━━ Recorded data ━━
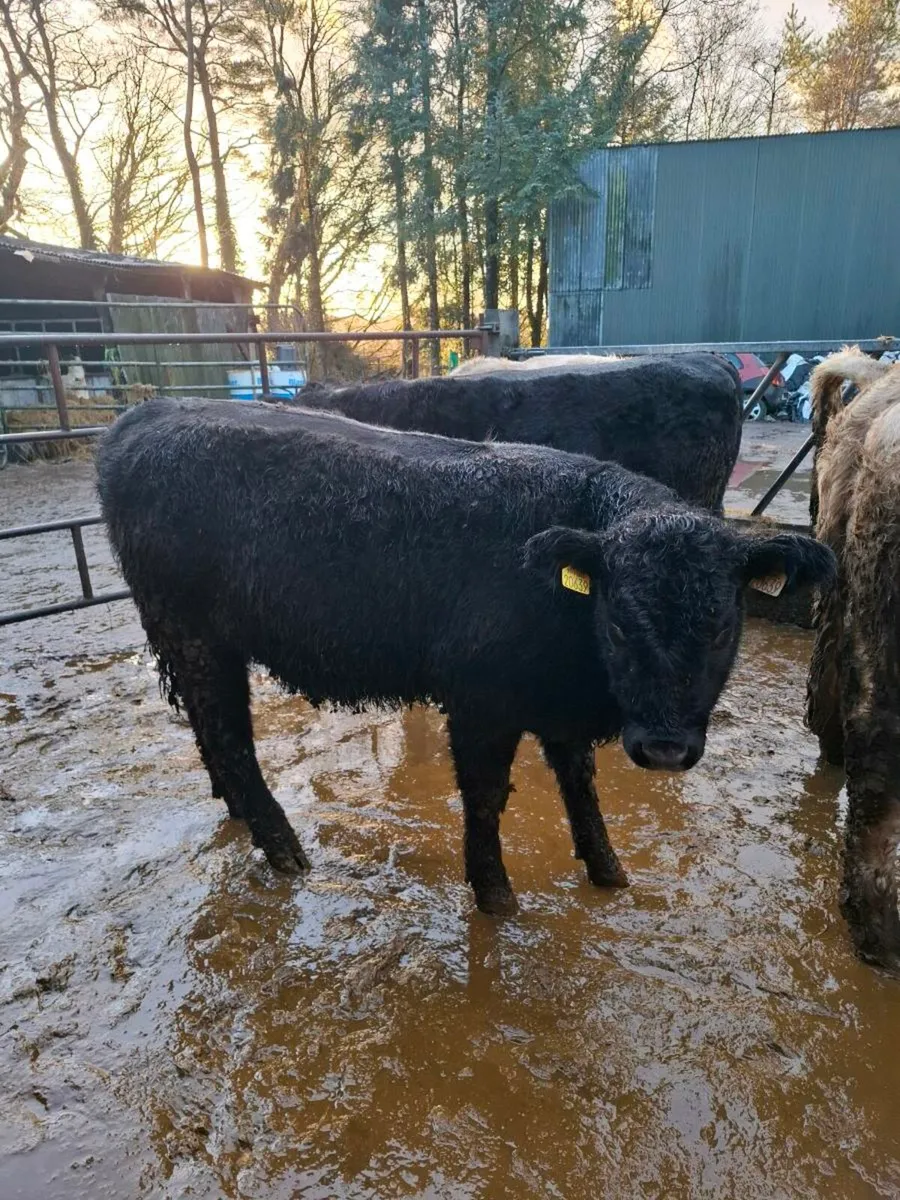 Charolais / Angus Weanling Heifers - Image 4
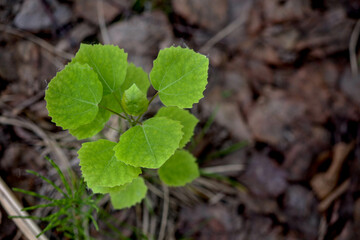 Young birch sprout close-up, forest planting, tree conservation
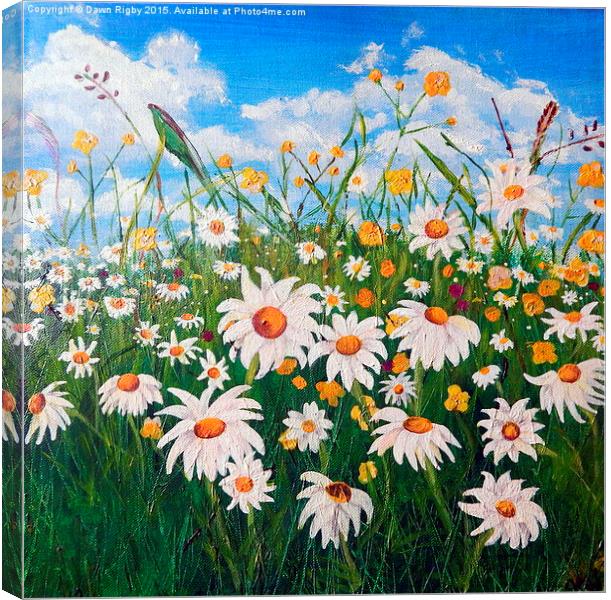  Daisies in the Meadow Canvas Print by Dawn Rigby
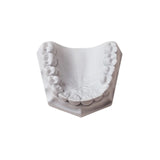 Orthodontic Stone White 33lb/15kg, 330066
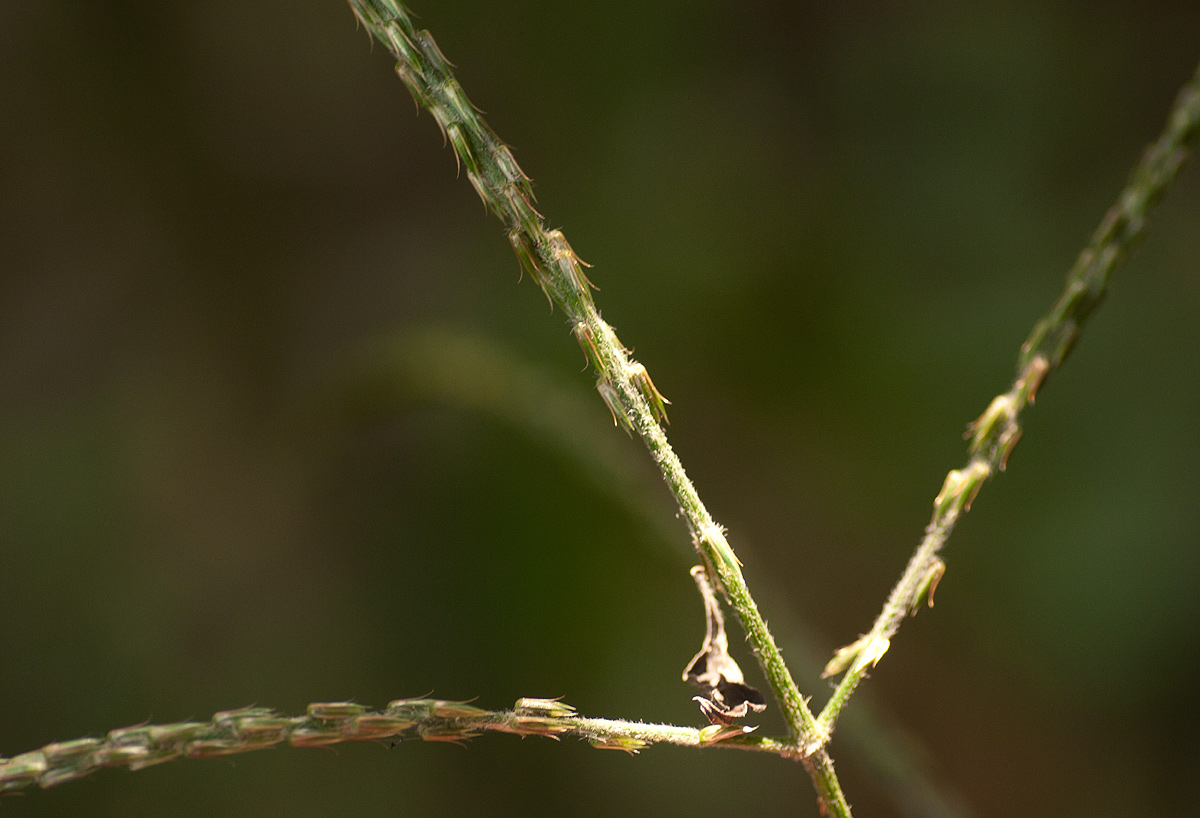 Achyranthes aspera var. sicula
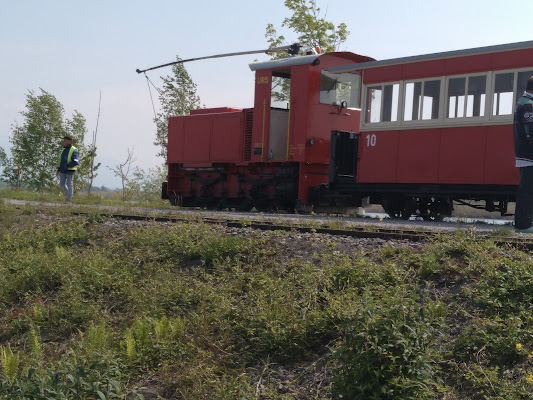 Rhein-Schauen Museum und Rheinbähnle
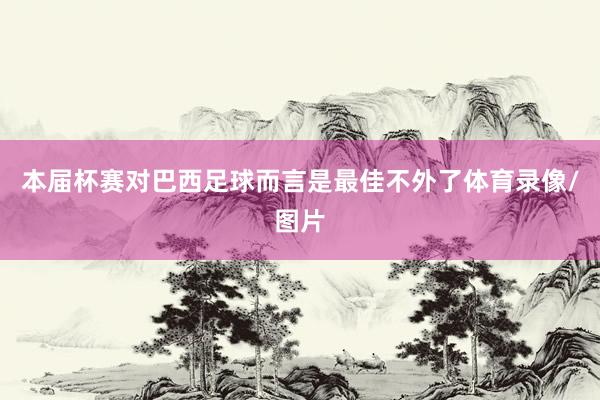 本届杯赛对巴西足球而言是最佳不外了体育录像/图片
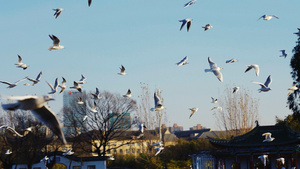 4k天空飞翔的大量海鸥鸟群实拍17秒视频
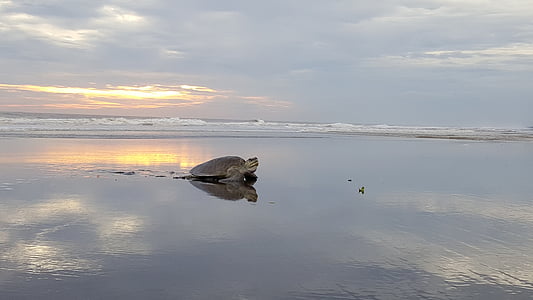 turtle, ocean, sea, sea turtle, sunset, beach, island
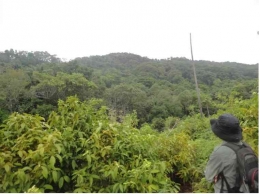 Kondisi hutan di Pulau Pejantan (Sumber: Dokpri)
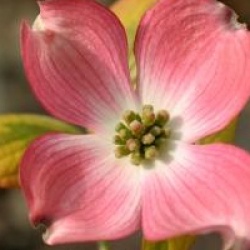 Cornus florida 'Cherokee Sunset'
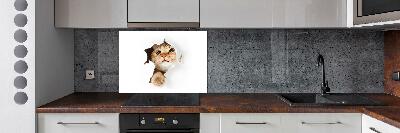 Kitchen splashback Cat in a hole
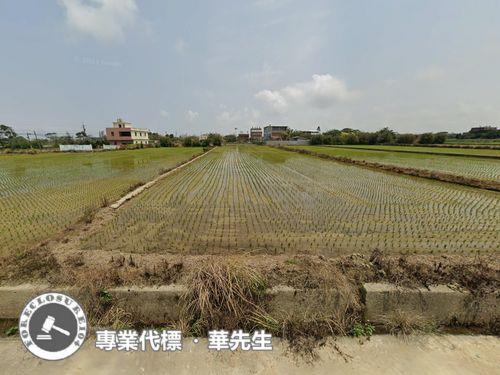 觀音法拍農地-3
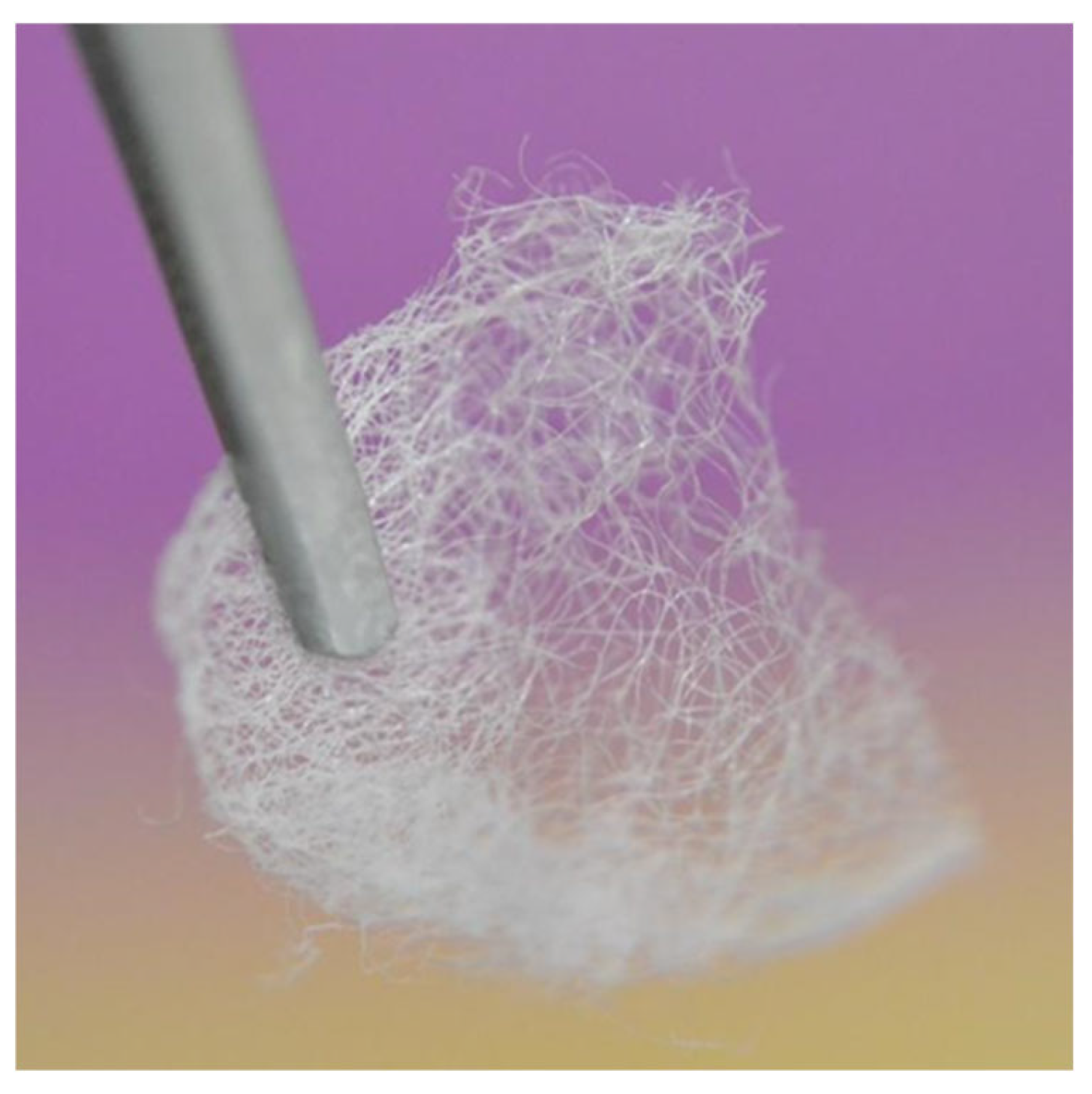 Processes 12 02594 g001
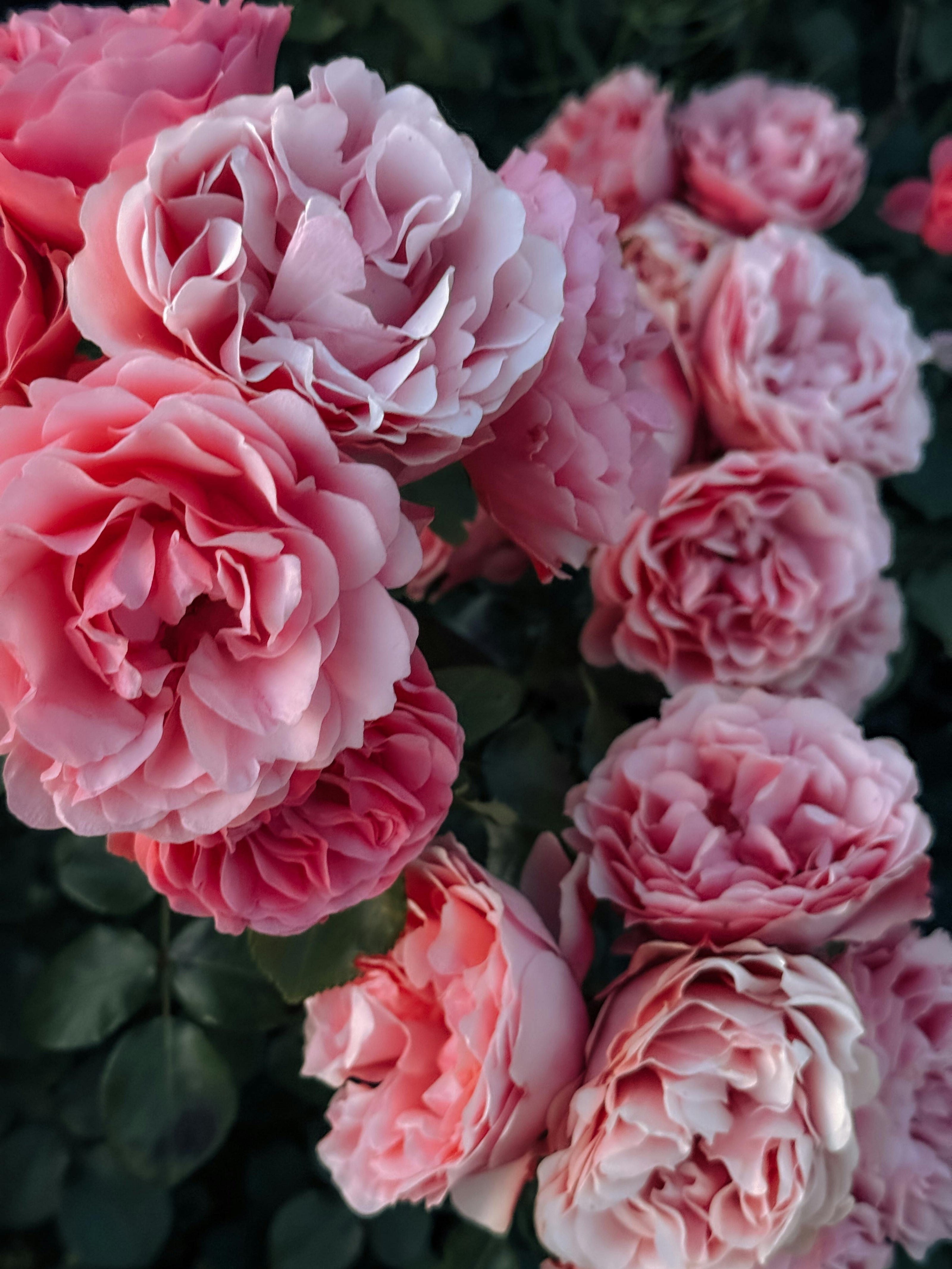 Şakayık Akoru (Peony Accord)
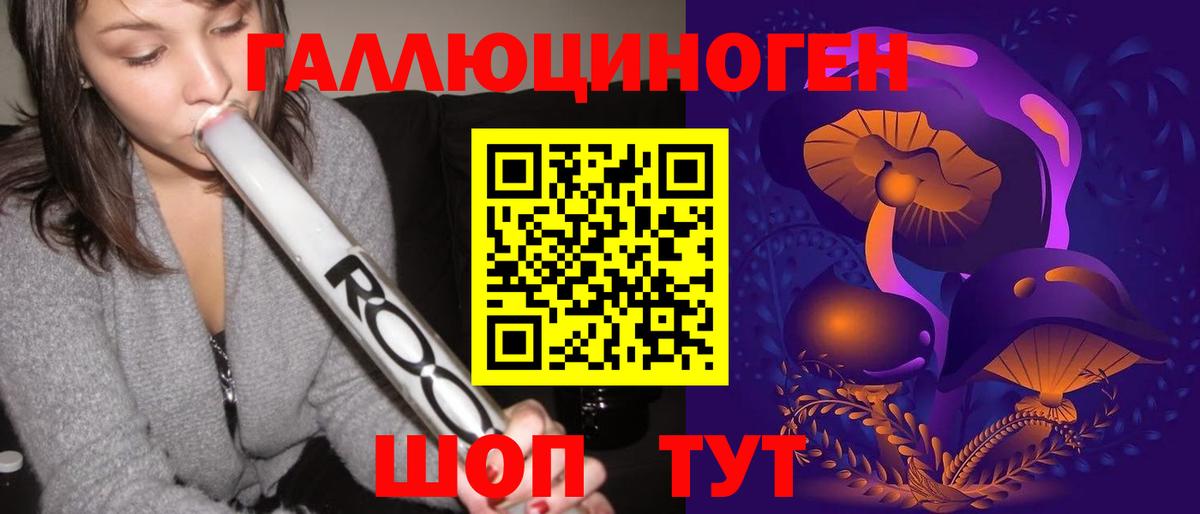 Псилоцибиновые грибы Psilocybine cubensis Ахтубинск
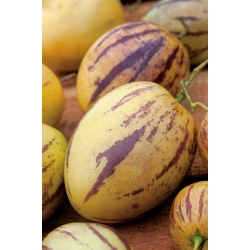 Hruška melónová, semená Pepino - Solanum muricatum - 11 semien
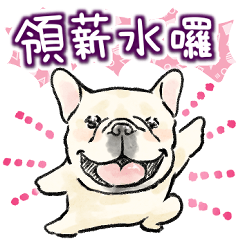 Working French Bulldog!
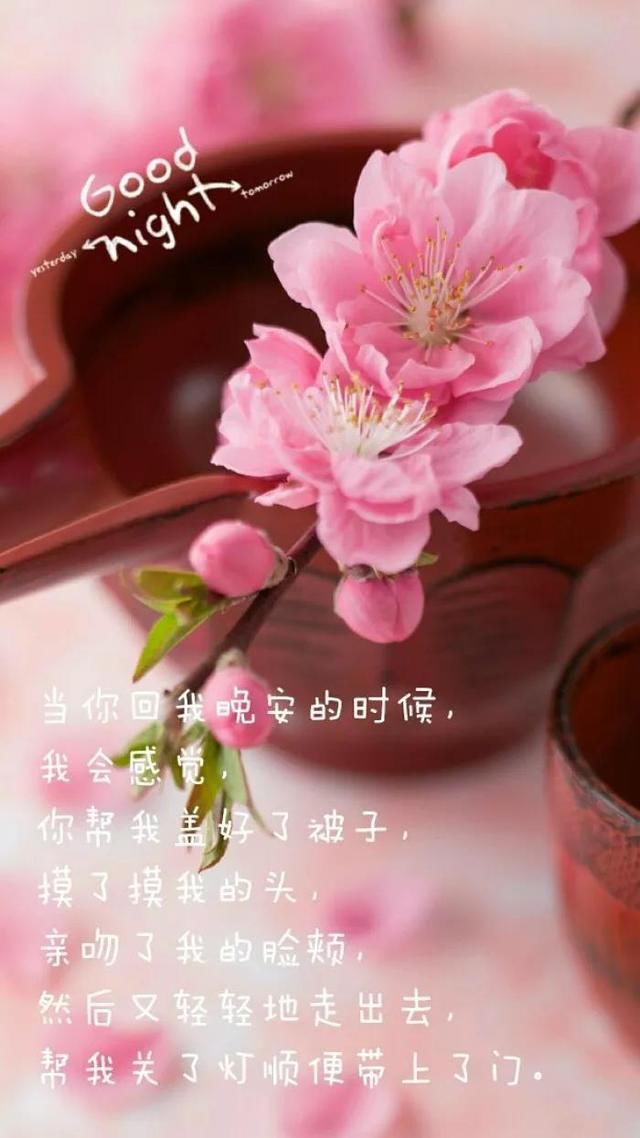 早安,2018最新漂亮问候动态带字图片,献给我最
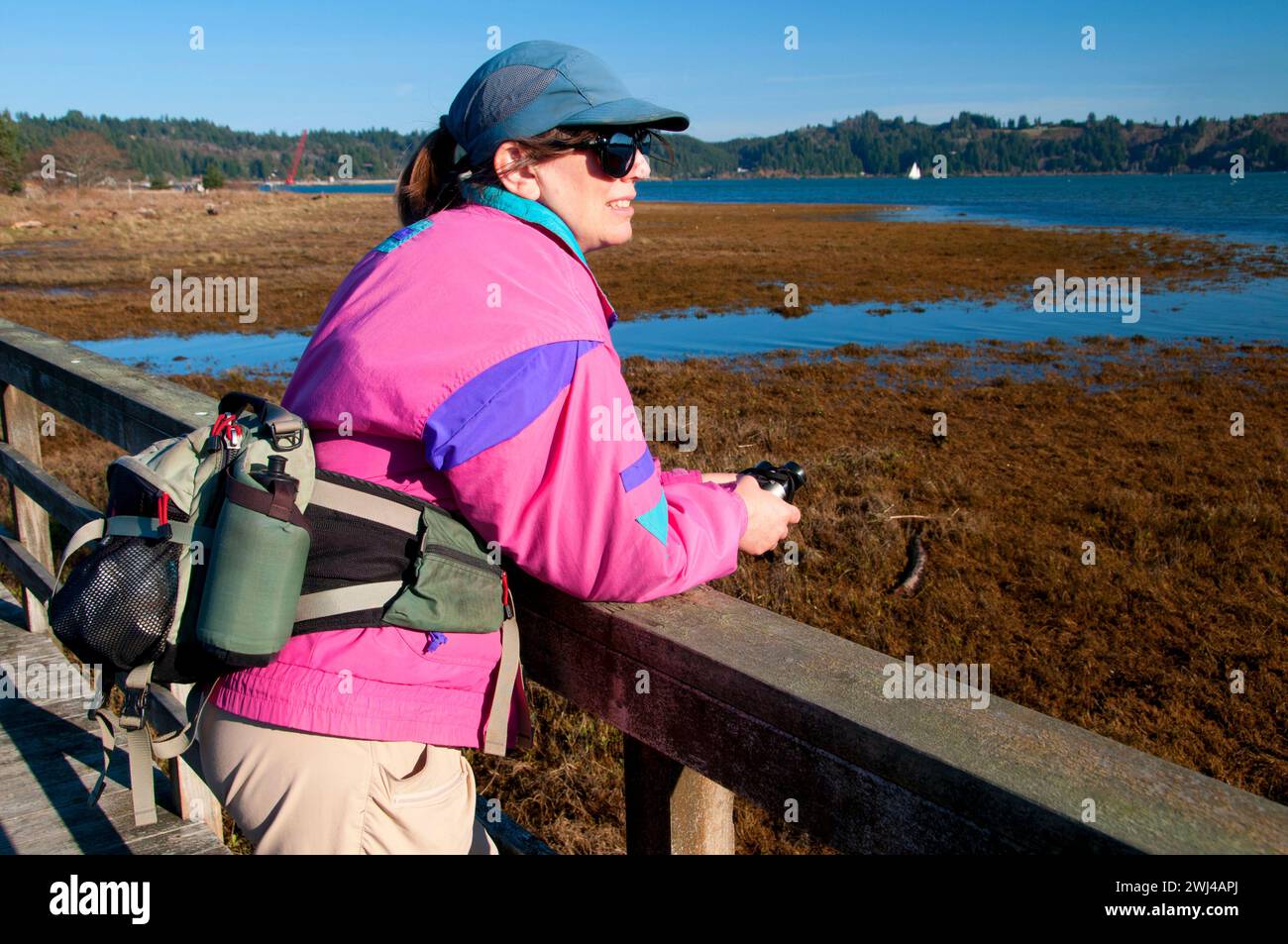 Boardwalk am Nature Trail, Hatfield Marine Science Center, Newport, Oregon Stockfoto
━━━
** How to complete this task **
The pictures alone are to be left out when the data above is copied; all else must match exactly.

** Your solution **
 Charolais / Angus Weanling Heifers - Image 4
 Young birch sprout close-up, forest planting, tree conservation
  Daisies in the Meadow Canvas Print by Dawn Rigby
 Orthodontic Stone White 33lb/15kg, 330066
 Achyranthes aspera var. sicula
 Rhein-Schauen Museum und Rheinbähnle
 本届杯赛对巴西足球而言是最佳不外了体育录像/图片
 4k天空飞翔的大量海鸥鸟群实拍17秒视频
 turtle, ocean, sea, sea turtle, sunset, beach, island
 Kondisi hutan di Pulau Pejantan (Sumber: Dokpri)
 Cornus florida 'Cherokee Sunset'
 Kitchen splashback Cat in a hole
 觀音法拍農地-3
 Processes 12 02594 g001
 Şakayık Akoru (Peony Accord)
 Псилоцибиновые грибы Psilocybine cubensis Ахтубинск
 Hruška melónová, semená Pepino - Solanum muricatum - 11 semien
 Working French Bulldog!
 早安,2018最新漂亮问候动态带字图片,献给我最
 Boardwalk am Nature Trail, Hatfield Marine Science Center, Newport, Oregon Stockfoto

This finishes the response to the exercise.